Timeline and analysis of existing attempts of recursive self improving (RSI) software systems

Robert Wünsche
Aug 9, 2017 · 6 min read

Only implemented systems are part of this article. Just theoretical architectures such as the Gödel Machine[goedel1] are not covered because it hasn’t been implemented.

The author assumes that the reader is familiar with the basic motivation and prospects of RSI systems.

What are Self-Improving algorithms?

Self-Improving algorithms must have the property to get better over time of solving a problem[Yampolskiy1 page 3]. Common examples of this behavior are neural networks and evolutionary algorithms. Not so common algorithms are sorting and clustering algorithms[si1].

What is Recursive Self improvement?

Recursive self improvement is defined as the process when the system can get better at getting better[Yampolskiy1 page 4].

RSI software systems can change their representations of most or all algorithms of the A(G)I system. The changed representation must include the search algorithm for the search of possible changes. The changes are made so that the performance of the agent is increased by some metric. Metrics to measure progress can be:

  • better time/space tradeoff of the algorithm(s)
  • better compression of the representation of algorithms or data
  • higher score for task(s)
  • higher rationality of a shaped agent [omohundro1]

Justification of common critique of all existing RSI attempts

All presented RSI systems lack an self model which is required for high level RSI modifications [Eliezer1]:

EURISKO lacked what I called ‘insight’ — that is, the type of abstract knowledge that lets humans fly through the search space.

This is necessary for “strong”-RSI systems.

Timeline of attempts to archive RSI

This section contains a short description of the program or algorithm. The Author states his view on the limitations of the artifacts.

1976 - EURISKO

Eurisko [eu1][eu2][eu3][eu4][euRLL5][euRLL6] from Douglas Lenat was the first attempt documented in the literature of archiving RSI. The program itself is described by a centralized data-structure. Fixed slots are used in the data-structure to allow the agent to modify itself. All elements in the data-structure encode executable code.

Often times RSI related papers refer back to EURISKO, for example [schmidhuber1 page 4] and [haase1].

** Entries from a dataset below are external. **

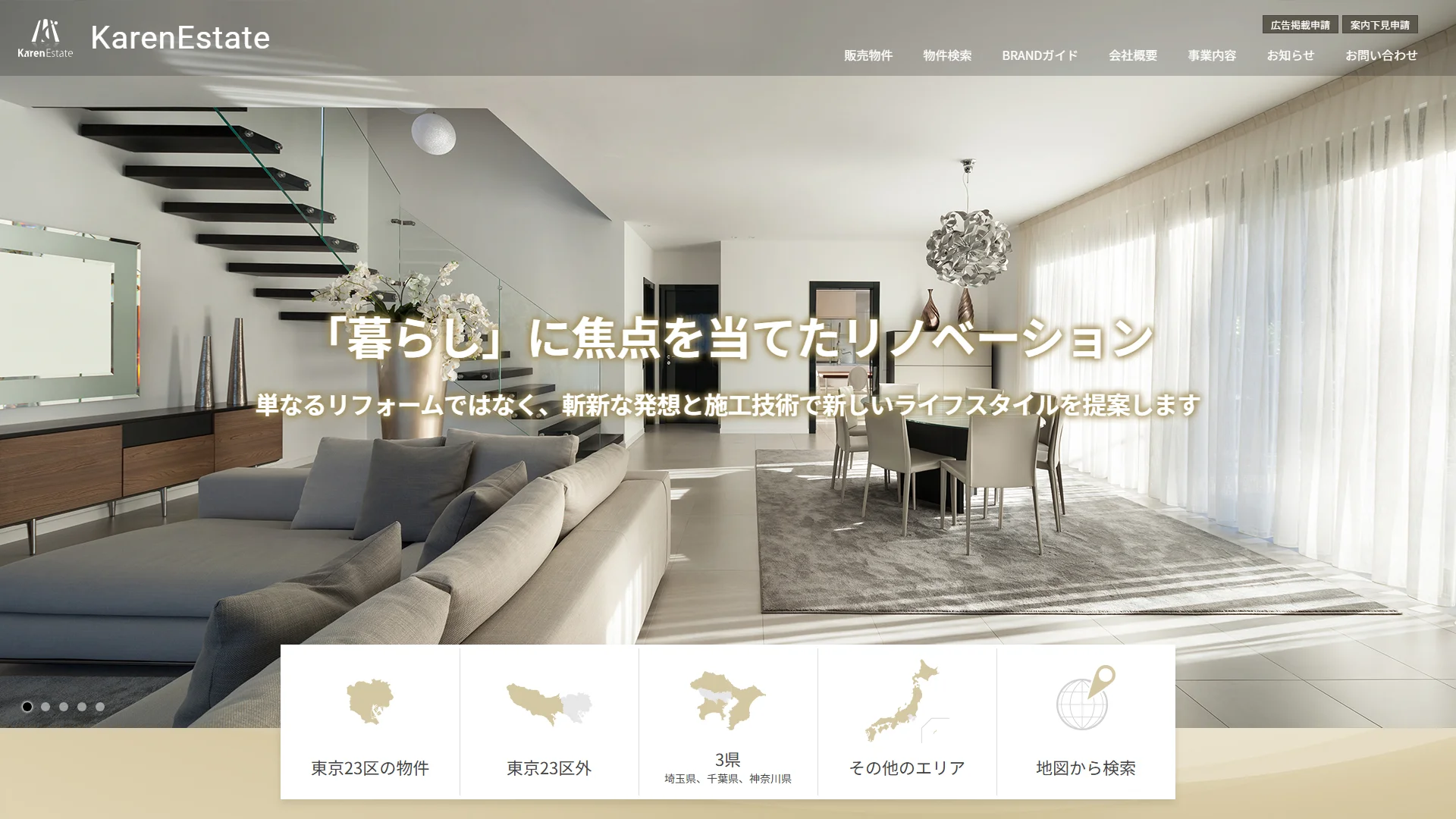 カレンエステートの公式サイト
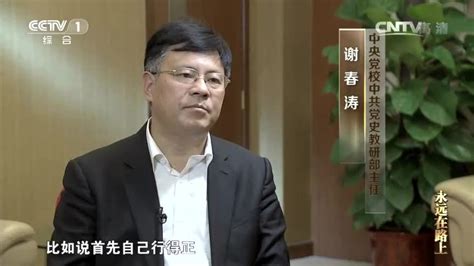 山西塌方式腐败案：落马官员之多，塌方式腐败之严重，令人触目惊心_腾讯视频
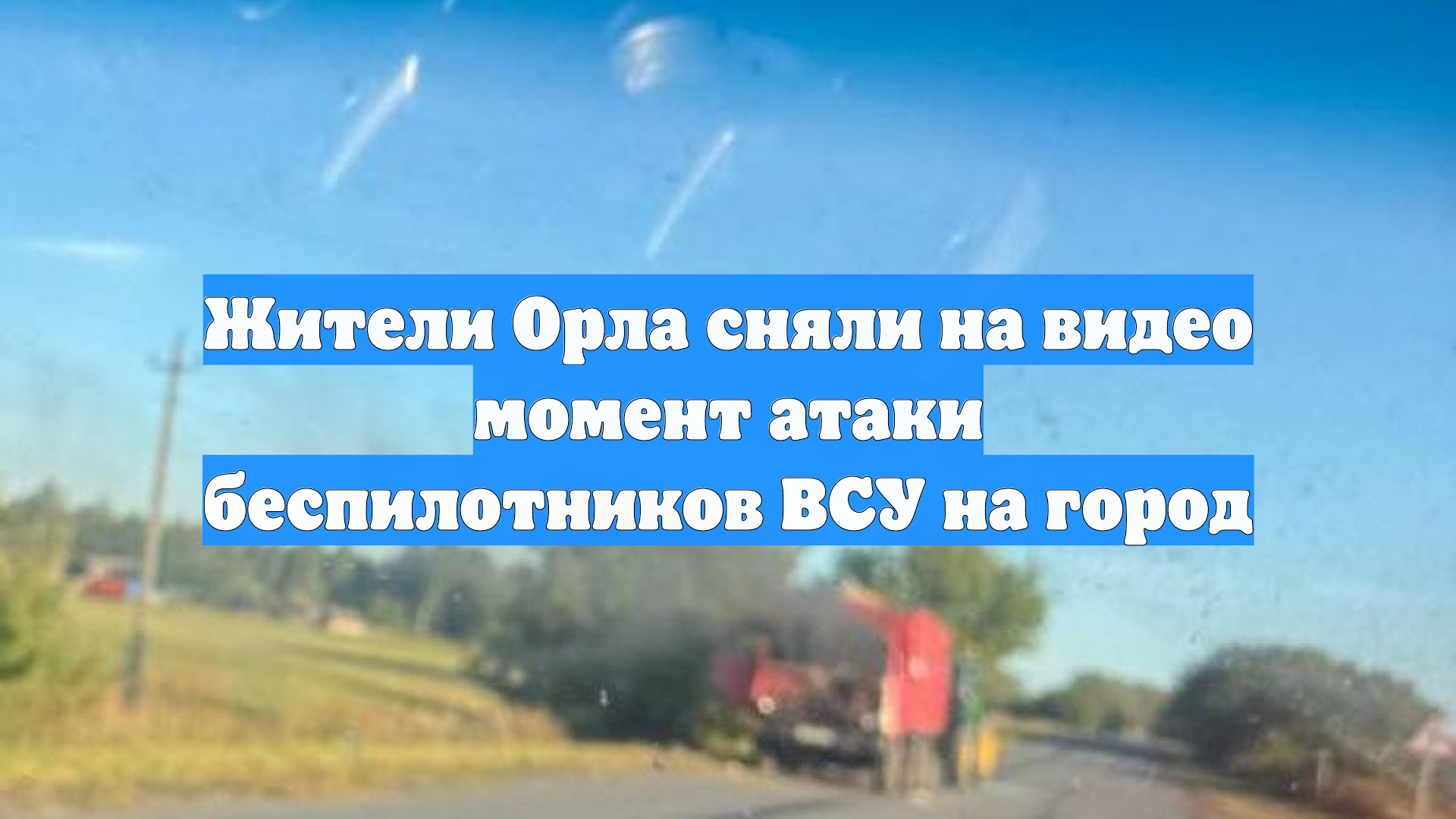 Жители Орла сняли на видео момент атаки беспилотников ВСУ на город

Disadvantages with reasons

  • (lack of self-reflection) The agent has no way to learn which changes are beneficial or don’t have any effect.
  • (lack of self-reflection and self-modification) Douglas Lenat reported that the agent got stuck in local optima. Manual introspection and modification were necessary to overcome this.
  • There is no way for the agent to learn anything from any environment. The agent is just using trial and error (which is a form of induction).

1987 - CYRANO

CYRANO [haase1][haase2] from Ken Haase is based on the principles used in EURISKO. CYRANO’s basic mechanism to store and update heuristics is different from EURISKO. TYPICAL [haase3] is used for both storage and inference.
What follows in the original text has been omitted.